SOURCE DATA:

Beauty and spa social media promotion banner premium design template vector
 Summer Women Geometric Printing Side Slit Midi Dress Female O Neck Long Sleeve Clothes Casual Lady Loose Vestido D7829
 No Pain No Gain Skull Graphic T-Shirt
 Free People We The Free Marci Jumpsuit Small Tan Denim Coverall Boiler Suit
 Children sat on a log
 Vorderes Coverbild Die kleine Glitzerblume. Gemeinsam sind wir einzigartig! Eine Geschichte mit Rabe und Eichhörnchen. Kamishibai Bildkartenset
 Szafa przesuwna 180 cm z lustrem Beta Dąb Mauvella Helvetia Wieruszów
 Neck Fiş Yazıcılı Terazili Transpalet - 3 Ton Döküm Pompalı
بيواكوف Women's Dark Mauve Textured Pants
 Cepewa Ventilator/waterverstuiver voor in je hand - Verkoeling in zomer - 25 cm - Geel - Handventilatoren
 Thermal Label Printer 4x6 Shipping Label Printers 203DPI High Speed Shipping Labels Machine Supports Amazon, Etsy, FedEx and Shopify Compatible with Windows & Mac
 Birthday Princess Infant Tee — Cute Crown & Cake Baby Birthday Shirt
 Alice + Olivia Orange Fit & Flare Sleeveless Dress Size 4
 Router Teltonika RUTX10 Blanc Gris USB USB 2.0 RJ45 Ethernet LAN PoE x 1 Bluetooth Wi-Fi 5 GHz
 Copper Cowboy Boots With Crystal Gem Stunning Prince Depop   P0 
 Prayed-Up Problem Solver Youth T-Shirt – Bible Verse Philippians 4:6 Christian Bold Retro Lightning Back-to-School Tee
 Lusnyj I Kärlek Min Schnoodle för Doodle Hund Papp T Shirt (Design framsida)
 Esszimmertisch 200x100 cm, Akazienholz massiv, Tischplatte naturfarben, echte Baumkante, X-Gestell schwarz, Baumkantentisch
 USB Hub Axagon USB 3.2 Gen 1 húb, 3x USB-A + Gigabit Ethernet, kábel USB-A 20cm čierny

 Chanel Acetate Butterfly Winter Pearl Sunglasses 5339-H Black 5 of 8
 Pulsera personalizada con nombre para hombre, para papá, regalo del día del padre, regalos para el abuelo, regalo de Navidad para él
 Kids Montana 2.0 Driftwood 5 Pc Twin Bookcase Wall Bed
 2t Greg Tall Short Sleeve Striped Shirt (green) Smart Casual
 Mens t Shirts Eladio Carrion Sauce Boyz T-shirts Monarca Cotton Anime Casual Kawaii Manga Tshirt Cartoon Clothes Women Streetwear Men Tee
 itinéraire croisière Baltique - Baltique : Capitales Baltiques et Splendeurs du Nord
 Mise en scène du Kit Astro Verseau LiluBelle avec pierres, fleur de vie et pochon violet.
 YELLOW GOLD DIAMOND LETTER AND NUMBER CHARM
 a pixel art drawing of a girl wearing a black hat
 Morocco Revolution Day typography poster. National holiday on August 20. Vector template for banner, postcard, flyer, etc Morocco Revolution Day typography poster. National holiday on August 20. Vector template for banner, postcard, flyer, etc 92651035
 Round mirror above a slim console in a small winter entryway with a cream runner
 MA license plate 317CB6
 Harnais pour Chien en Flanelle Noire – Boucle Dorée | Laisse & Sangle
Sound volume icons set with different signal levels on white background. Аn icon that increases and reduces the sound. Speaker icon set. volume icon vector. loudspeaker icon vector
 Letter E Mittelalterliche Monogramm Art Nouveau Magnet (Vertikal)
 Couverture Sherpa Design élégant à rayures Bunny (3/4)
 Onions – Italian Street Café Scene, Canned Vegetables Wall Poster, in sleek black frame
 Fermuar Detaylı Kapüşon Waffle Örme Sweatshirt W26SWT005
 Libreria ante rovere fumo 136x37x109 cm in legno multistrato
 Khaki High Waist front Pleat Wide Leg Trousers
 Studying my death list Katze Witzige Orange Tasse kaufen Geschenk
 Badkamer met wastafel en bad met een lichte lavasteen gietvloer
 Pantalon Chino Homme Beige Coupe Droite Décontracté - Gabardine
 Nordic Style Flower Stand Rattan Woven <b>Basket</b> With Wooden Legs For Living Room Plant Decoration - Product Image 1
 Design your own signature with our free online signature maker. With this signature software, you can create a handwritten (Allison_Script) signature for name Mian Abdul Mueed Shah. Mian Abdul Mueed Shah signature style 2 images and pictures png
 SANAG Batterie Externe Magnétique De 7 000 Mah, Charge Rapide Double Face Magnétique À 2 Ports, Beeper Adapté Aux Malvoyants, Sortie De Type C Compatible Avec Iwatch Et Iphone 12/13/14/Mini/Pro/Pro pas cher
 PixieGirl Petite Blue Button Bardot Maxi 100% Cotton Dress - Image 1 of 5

TASK GOAL: Only the last part of the entries above is needed: please copy the line with "SANAG Batterie Externe" and each line after it exactly.

EXPECTED OUTPUT:
 SANAG Batterie Externe Magnétique De 7 000 Mah, Charge Rapide Double Face Magnétique À 2 Ports, Beeper Adapté Aux Malvoyants, Sortie De Type C Compatible Avec Iwatch Et Iphone 12/13/14/Mini/Pro/Pro pas cher
 PixieGirl Petite Blue Button Bardot Maxi 100% Cotton Dress - Image 1 of 5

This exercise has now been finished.